I wrote a paper this past fall that I hope you will read and enjoy. I welcome feedback.
Tens of thousands of questions are asked and answered every day on social question and answer (Q&A) Web sites such as Yahoo Answers. While these sites generate an enormous volume of searchable data, the problem of determining which questions and answers are archival quality has grown. One major component of this problem is the prevalence of conversational questions, identified both by Q&A sites and academic literature as questions that are intended simply to start discussion. For example, a conversational question such as “do you believe in evolution?” might successfully engage users in discussion, but probably will not yield a useful web page for users searching for information about evolution. Using data from three popular Q&A sites, we confirm that humans can reliably distinguish between these conversational questions and other informational questions, and present evidence that conversational questions typically have much lower potential archival value than informational questions. Further, we explore the use of machine learning techniques to automatically classify questions as conversational or informational, learning in the process about categorical, linguistic, and social differences between different question types. Our algorithms approach human performance, attaining 89.7% classification accuracy in our experiments.

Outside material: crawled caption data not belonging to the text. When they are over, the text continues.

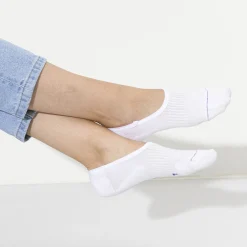 Birkenstock Socks<Cotton Sole Invisible Women White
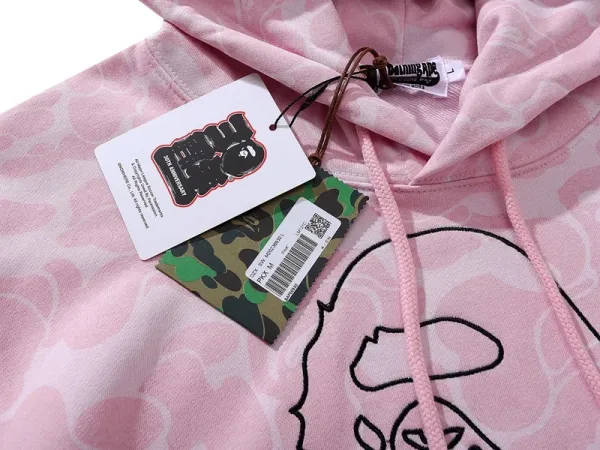 A Bathing Ape ABC Camo Hoodie White - 13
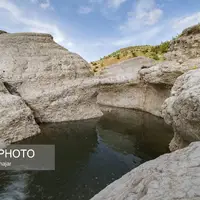 آبشار و دره زیبای بالی قایه در استان گلستان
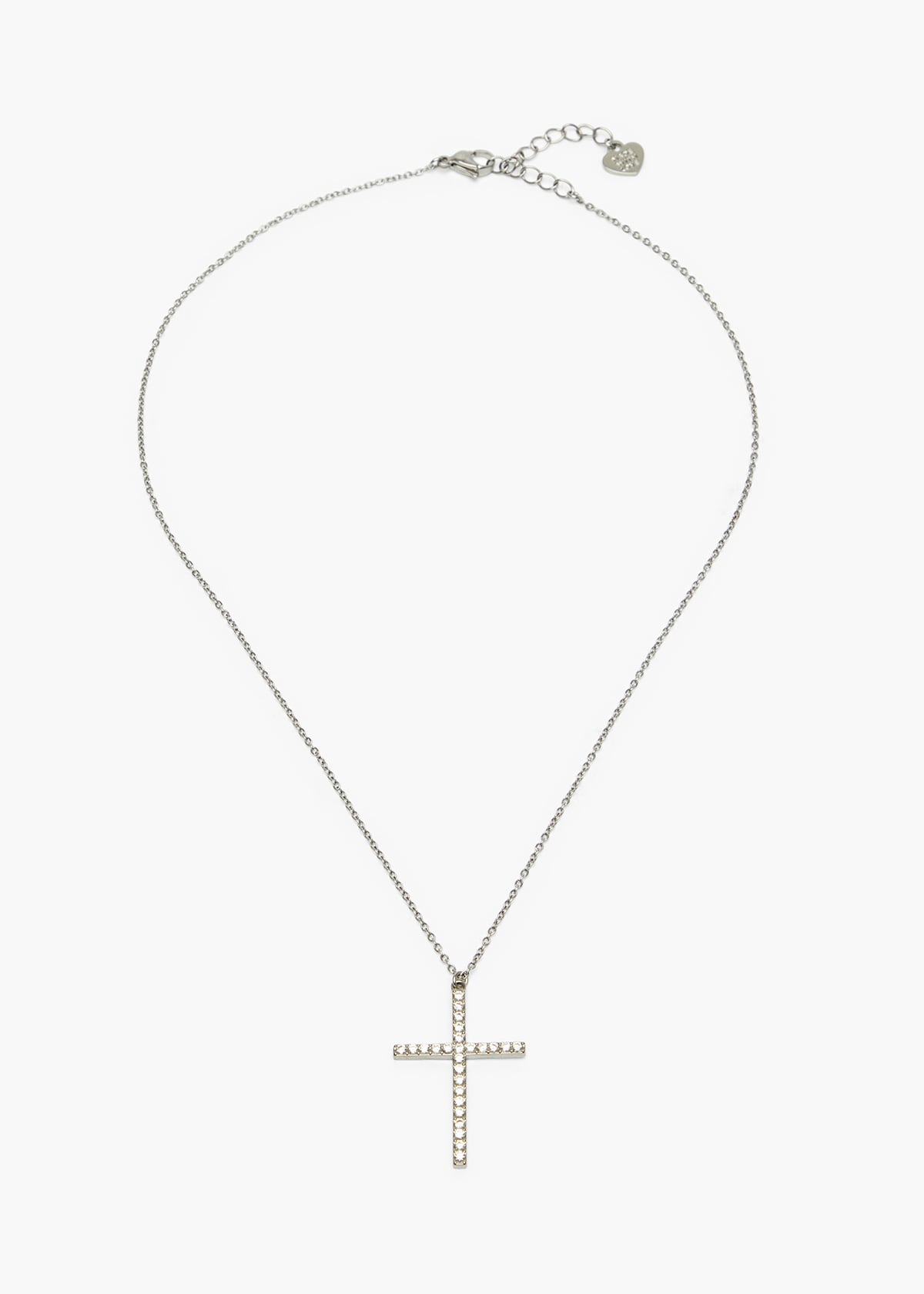 Diamante Cross Necklace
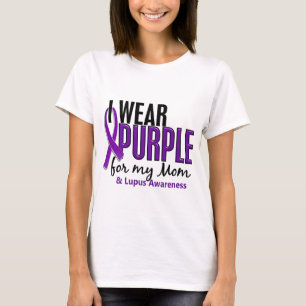 Ik Draag Paarse voor mijn moeder 10 Lupus T-shirt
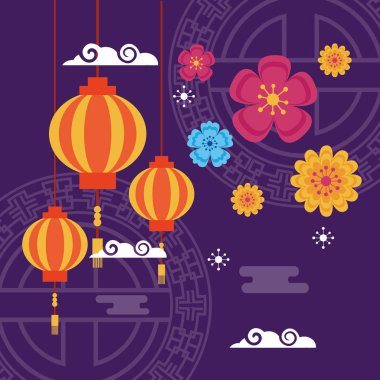 kutlama orta sonbahar festival kartı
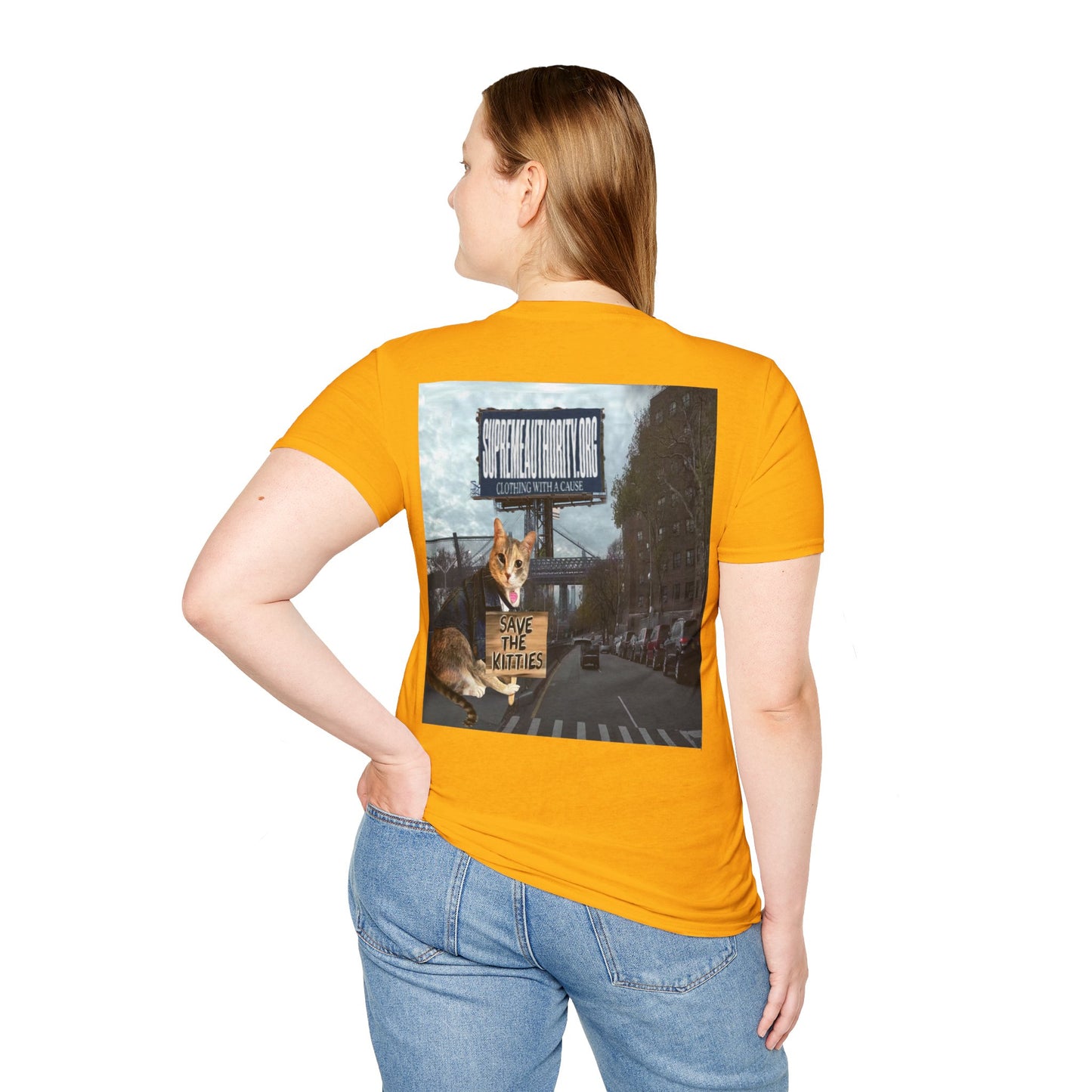 SAVE THE KITTIES - Cat Rescue Fund Raiser - Unisex Soft style T-Shirt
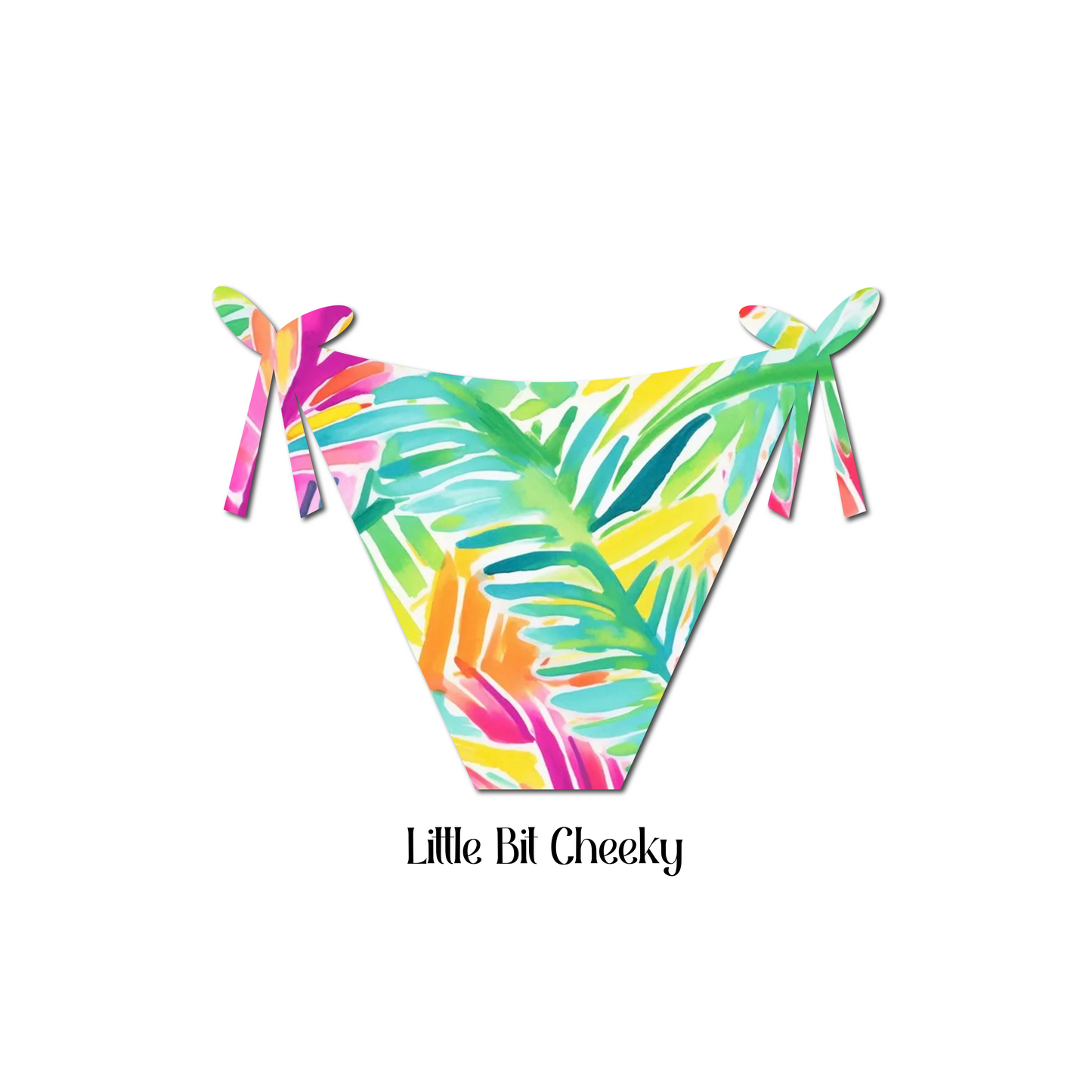 Caribbean Delight - April Tie Side Bikini Bottom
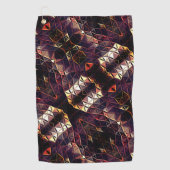 奇妙なシェイプを生成する三角形のミラーリング ゴルフタオル (正面)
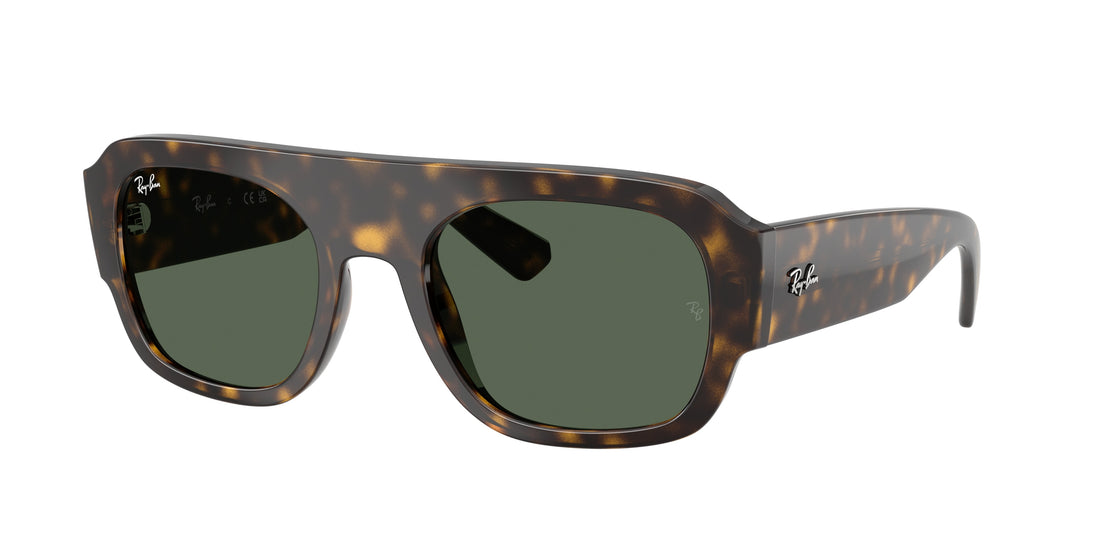 Sonnenbrillen ray-ban rb2218 679071 havana irregular unisex größe 55mm - Hauptansicht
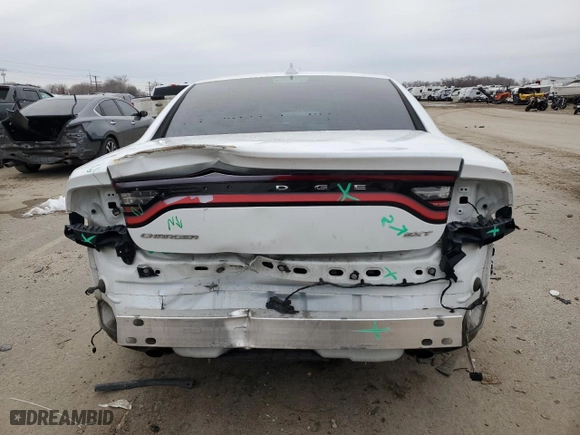 2017 Dodge Charger SXT with VIN 2C3CDXHG0HH574945, listed as a Copart auction lot 87864055 with 116,511 mi miles and Salvage Title. Bid and sale history available at carsss.com. Image 6.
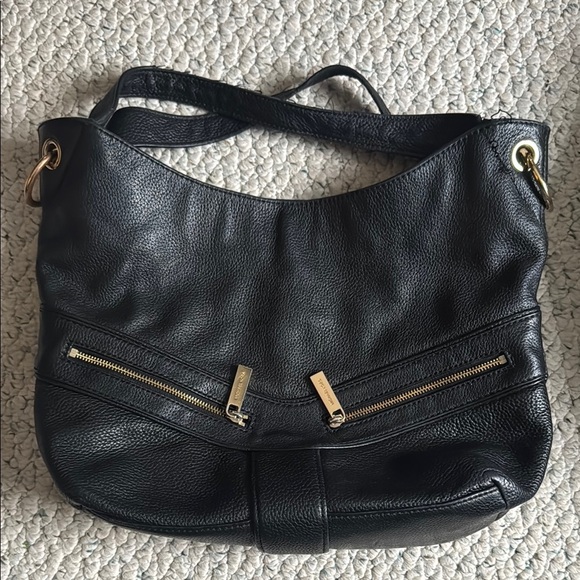 Michael Kors Black Leather Shoulder Bag - Picture 1 of 7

I wrote this paper with Daniel Moy, an undergraduate at the University of Minnesota, and Joe Konstan, my advisor. Also, many of you (my friends and colleagues) helped this research by coding data – thanks!
This paper will be published in the proceedings of CHI 2009, and is currently nominated for a best paper award, which is a real honor. Also of note is the fact that our Q&A paper at last year’s CHI conference was wedged in a session with a medley of completely unrelated work (e.g., public interactive displays). This year, Q&A has it’s own session with some outstanding researchers.